Conditional on $\Xi =\xi$ , the above quantities can be calculated by applying Theorem 3.1. Specifically, for $m=1,2,3$ and $k_1,k_2=1,2$ , we have the following:

\begin{equation*} {\mathbb {E}}[S_{N_{m},{k_1}}(\xi )S_{N_{m},k_2}(\xi )]={\mathbb {E}}[N_m(\xi )]{\mathbb {E}}[X_{(m),k_1}(\xi )X_{(m),k_2}(\xi )]+{\mathbb {E}}[N^{(2)}_m(\xi )]{\mathbb {E}}[X_{(m),k_1}(\xi )]{\mathbb {E}}[X_{(m),k_2}(\xi )], \end{equation*}

where

\begin{equation*} {\mathbb {E}}[N_m(\xi )]=r\xi \beta q_m\,, \ \ m=1,2,3\,, \end{equation*}

\begin{equation*} {\mathbb {E}}[N^{(2)}_m(\xi )]=r\xi (r\xi +1)\beta ^2 q_m^2\,, \ \ m=1,2,3\,, \end{equation*}

\begin{equation*} {\mathbb {E}}[X_{(m),k}(\xi )]=a_k\xi \,, \ \ m=1,2,3, \ k=1,2, \ \text {and}\ X_{(m),k}\neq 0\,, \end{equation*}

\begin{equation*} {\mathbb {E}}[X^2_{(m),k}(\xi )]=a_k\xi +a_k^2\xi ^2, \ \ m=1,2,\ k=1,2, \ \text {and}\ X_{(m),k}\neq 0\,, \end{equation*}

\begin{equation*} {\mathbb {E}}[X^2_{(3),k}(\xi )]=b_k\xi +\frac {\alpha _2+1}{\alpha _2}b_k^2\xi ^2, \ \ k=1,2\,, \end{equation*}

\begin{equation*} {\mathbb {E}}[X_{(3),1}(\xi )X_{(3),2}(\xi )]=\frac {\alpha _2+1}{\alpha _2}b_1b_2\xi ^2\,. \end{equation*}

For $m_1,m_2=1,2,3$ , $k_1,k_2=1,2$ , and $m_1\neq m_2$ , we have

\begin{equation*} {\mathbb {E}}[S_{N_{m_1},{k_1}}(\xi )S_{N_{m_2},k_2}(\xi )]={\mathbb {E}}[N_{m_1}(\xi )N_{m_2}(\xi )]{\mathbb {E}}[X_{(m_1),k_1}(\xi )]{\mathbb {E}}[X_{(m_2),k_2}(\xi )], \end{equation*}

where

\begin{equation*} {\mathbb {E}}[N_{m_1}(\xi )N_{m_2}(\xi )]=r\xi (r\xi +1)\beta ^2 q_{m_1} q_{m_2}\,, \ \ m=1,2,3\,. \end{equation*}

Then, the expectation with regard to $\Xi$ can be computed numerically by discretizing the distribution of $\Xi$ .

In the following, we set the value of the shape parameter of the gamma distributed variable $\Xi$ to $\alpha _1=10$ and assume that all other parameters are the same as those in Section 4.1.1.
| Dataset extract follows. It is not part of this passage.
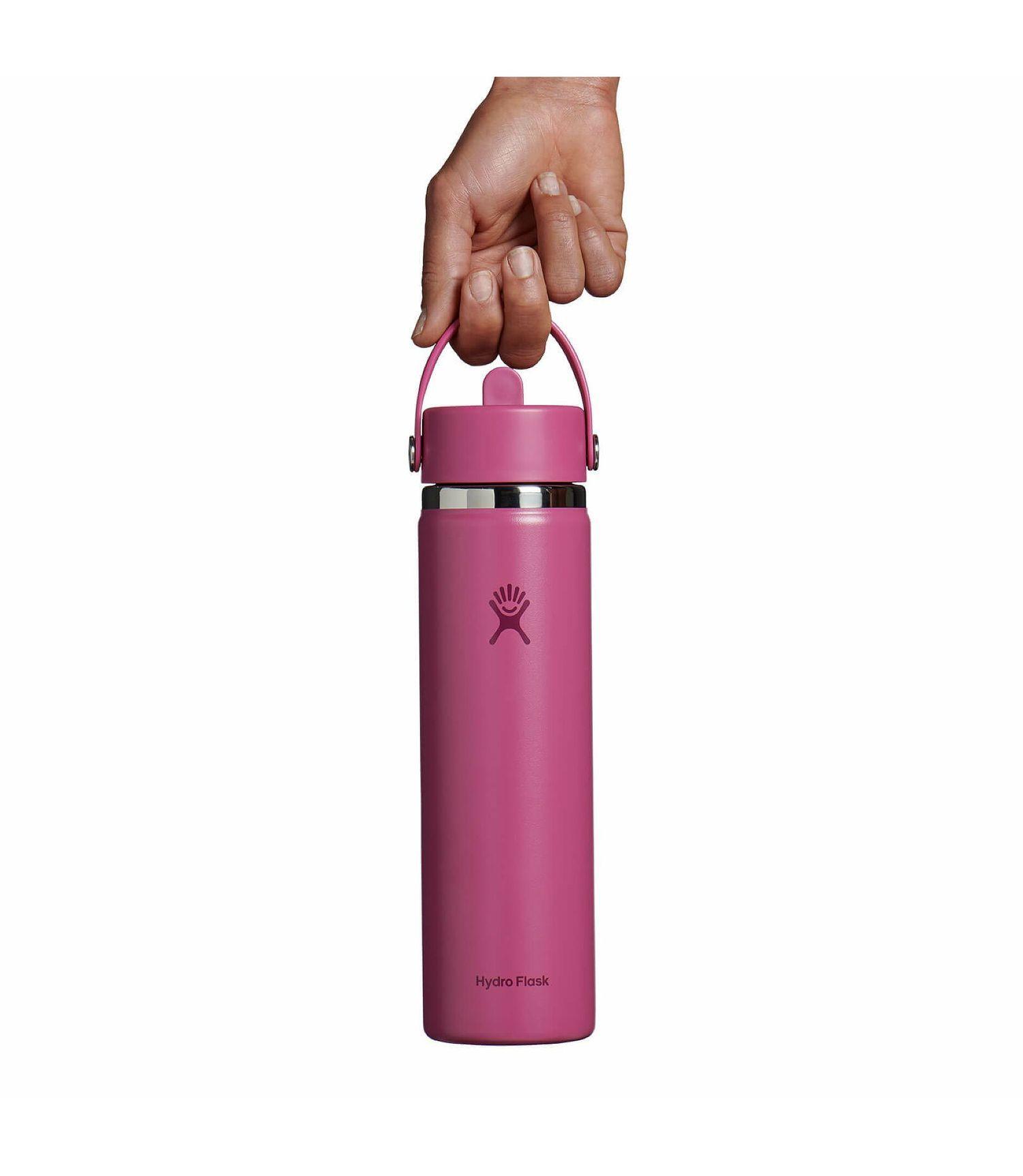 Botella Hydroflask Boca Ancha Con Bombilla 710Ml Rosado V25-2
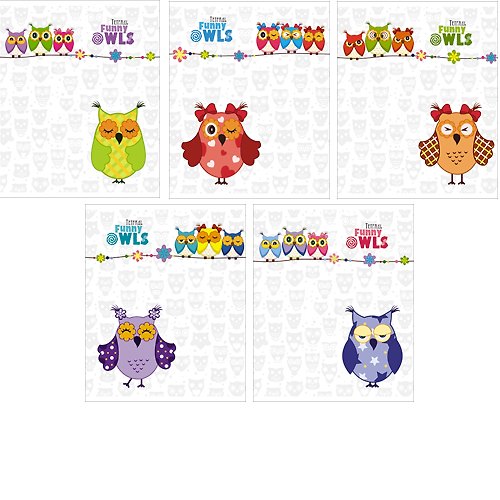 Тетрадь 48л кл. "Веселые совы (Funny owls)" офсет, твин-лак, ассорти, Unnika 227778 — 1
The proportions and amounts of capital allocated to the two types of risks according to TCE and TV are shown in Figure 4. It shows a similar pattern to that in Figure 1 in Section 4.1.1. That is, according to TCE, the proportion of risk capital allocated to PD (BI) claims decreases (increases) with ${q}$ ; and according to TV, the proportion allocated to BI(PD) claims decreases (increases) with ${q}$ when ${q}$ is small and increases (decreases) when ${q}$ is large. Also, the amounts of capital allocated to the two types of risks increase with ${q}$ in all cases.
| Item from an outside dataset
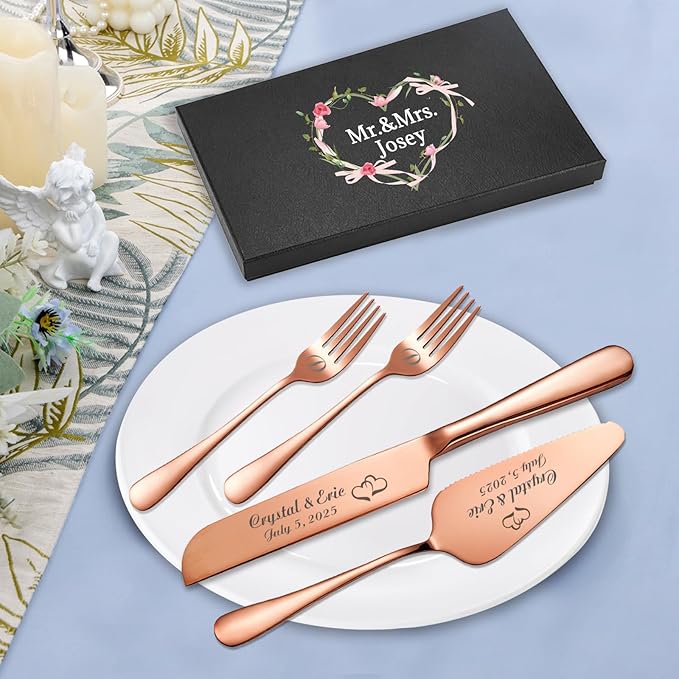 Personalized Wedding Cake Knife and Server Set, Custom Names Cake Cutting Set - Image 4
Tables 4 and 5 show the numerical values of the amounts of capital allocated to the two types of risk according to TCE and TV criteria for different values of $\alpha _1$ , the coefficient of the mixing random variable $\Xi$ . Recall that a smaller value of $\alpha _1$ indicates a larger variance of $\Xi$ , and a stronger dependence between the claim frequency and severity. When $\alpha _1\rightarrow \infty$ , the loss frequency and severities are independent.

Table 4. Comparison of the amounts and proportions of capital allocated to the two types of risks according to Tail Conditional Expectation (TCE) criterion when the dependence between loss frequency and sizes changes

Figure 4 The proportions and amounts of capital allocated to the two types of risks according to TCE and TV criteria for the model with dependent frequency and severity.

Table 5. Comparison of the amounts and proportions of capital allocated to the two types of risks according to Tail Variance (TV) criterion when the dependence between loss frequency and sizes changes

From Tables 4 and 5, we conclude that larger variance of the claim frequency and size, and stronger dependence between them, leads to greater values of VaR, TCE and TV of the total losses. The total capital allocated to each type of risk also increases.